The first question is: why do you want to raise cattle? What is your objective? Maybe you just love cows. Perhaps you're trying to fulfill a childhood fascination with cowboys and the Old West. Some more practical reasons could be to provide a source of healthy more natural food (either dairy or beef) for your family, or to start a small side business to provide additional income. There are many valid reasons, and you most likely have a combination of motivations.
Regardless of what your motivation is, it will be helpful in making future decisions and working through problems if you honestly know why you are trying to raise cattle.
There are many horse facilities that have limited acreage and are well suited for cattle raising.

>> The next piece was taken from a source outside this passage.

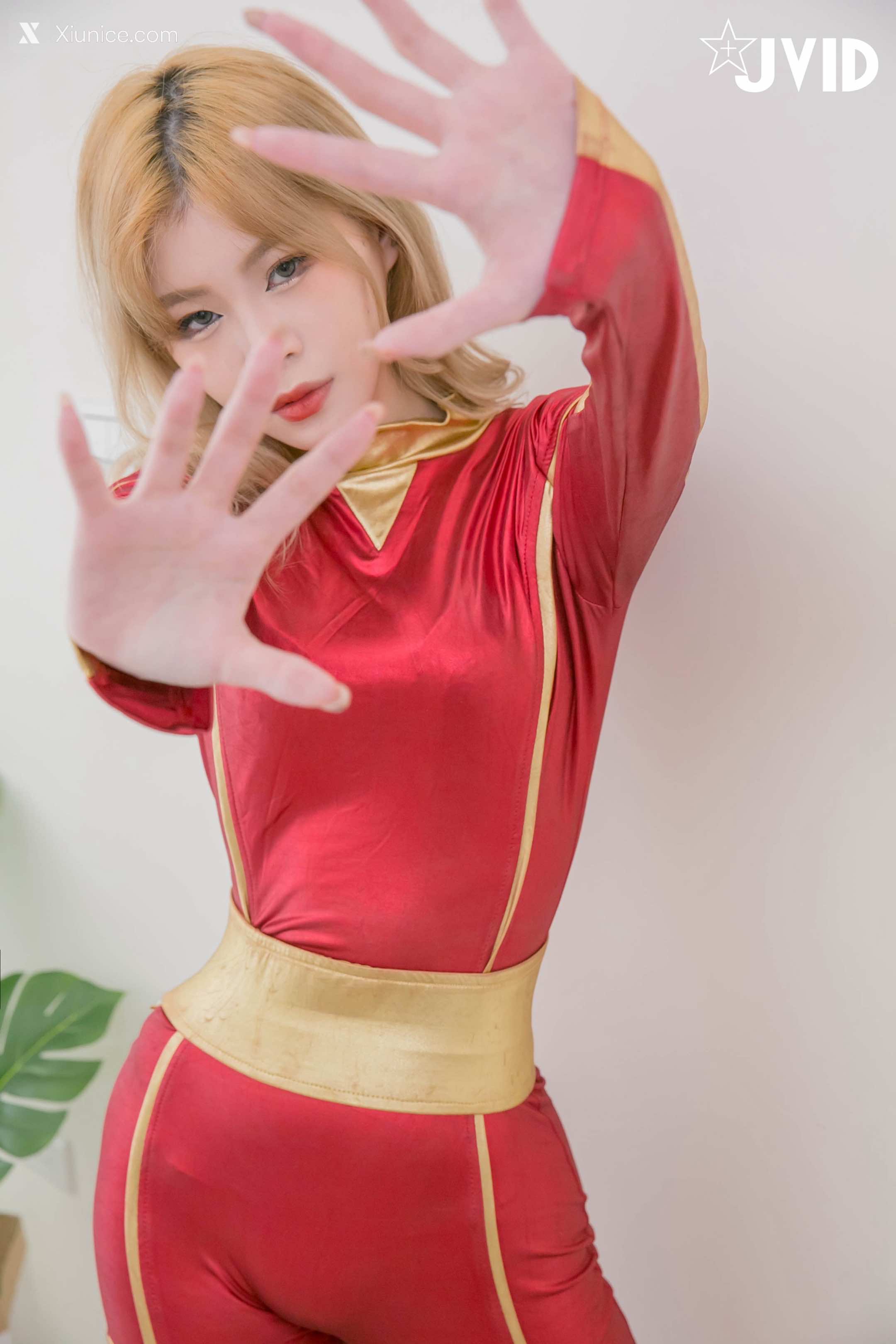 Jvid 12位JV宇宙美少女集合 97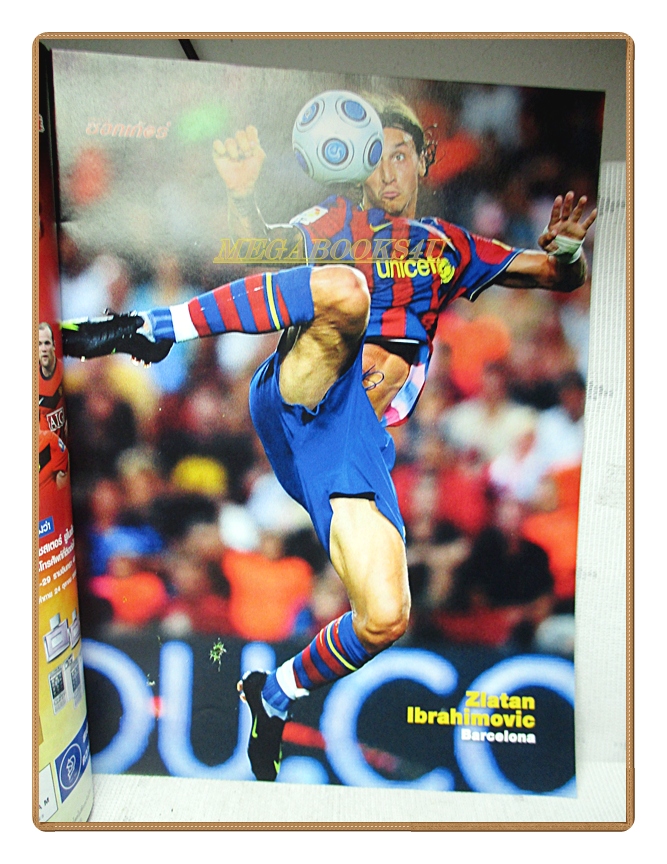 สตาร์ซอคเกอร์รายสัปดาห์ ฉบับที่1663,2552 สภาพดี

However, there is no economic advantage to raising cattle on small acreage unless you have evolved your operation into one where you are selling embryos at a very nice premium. However, a small ranching property that is too large to economically mow (such as 40 acres) may benefit from having cattle graze on it. Many rural municipalities require that property owners control the weeds growing on their properties. Having a small cattle operation can help in this. Also some places having a minimum amount of cattle can qualify you for farming taxation which can be cheaper than leasing the property alone.
Because forage plays such a large part of the feeding regimen, cattle require two to three acres per animal on the small side in the southeast where temperatures allow for a spring and fall forage growing program. Going in any other geographical direction requires even larger land to cattle ratios and the feeding program becomes a financial drain that can be unmanageable.